When President Kais Saied reappeared recently after a two-week absence, he addressed a country whose political, economic and immigration woes grow steadily more intractable.

On April 4, after a nearly two-week public absence, Tunisian President Kais Saied reappeared on screen. Speaking in a hoarse voice and with a pallid face, he cursed his opponents who had questioned his absence in a country that now largely relies on a one-man power.

Tunisia

Tens of those dissidents are being investigated for supposed “contacts with foreign diplomats,” and many have been detained, after a number of judges were dismissed and the courts increasingly came under presidential influence.  
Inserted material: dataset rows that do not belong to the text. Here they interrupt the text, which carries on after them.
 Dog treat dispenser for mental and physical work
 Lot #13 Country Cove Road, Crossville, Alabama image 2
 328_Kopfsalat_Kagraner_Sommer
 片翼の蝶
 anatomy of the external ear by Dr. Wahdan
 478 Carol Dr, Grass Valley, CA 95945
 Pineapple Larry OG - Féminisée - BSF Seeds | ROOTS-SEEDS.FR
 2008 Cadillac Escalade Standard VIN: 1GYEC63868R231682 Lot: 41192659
Saeid’s only foreign policy announcement was the decision to appoint an ambassador to Syria, in line with the comeback of Bashar al-Assad promoted by most Arab states. However, a number of Tunisian missions in major foreign capitals have no envoy, including Brussels and Rome – while the flow of migration from Tunisia to Italy grows by the day as the weather improves. As the country is on the brink of bankruptcy, awaiting an agreement with the International Monetary Fund (IMF), it was not even hinted that the president would sign it.  

Unlike Egypt, and more like Lebanon, there is no significant Gulf money deposited in Tunisian banks. Saudi Arabia’s recent curtailing of regional aid leaves little choice but going to the IMF. It is also a precondition to EU financial help. US Assistant Secretary of State for the Middle East Barbara Leaf said in London on March 30 that “if the government decides not to pursue an IMF arrangement, we’re keen to know what their alternative plans are.” She also emphasized US commitment for a “democratic and accountable government that preserves the space for free debate and dissent.”

Recent droughts mean Tunisia needs massive imports of foodstuffs to feed its 13 million people. But IMF aid will require privatizing a number of public services, laying off employees and limiting subsidies, which would lead to price hikes. And Saied cannot risk alienating the only remaining powerful independent Tunisian body — the UGTT workers union, headed by charismatic leader Noureddine Taboubi. That catch-22 may be why the president disappeared from public sight for nearly two weeks, although the cause was allegedly “a minor heart attack,” according to well-informed Italian news agency Nova.   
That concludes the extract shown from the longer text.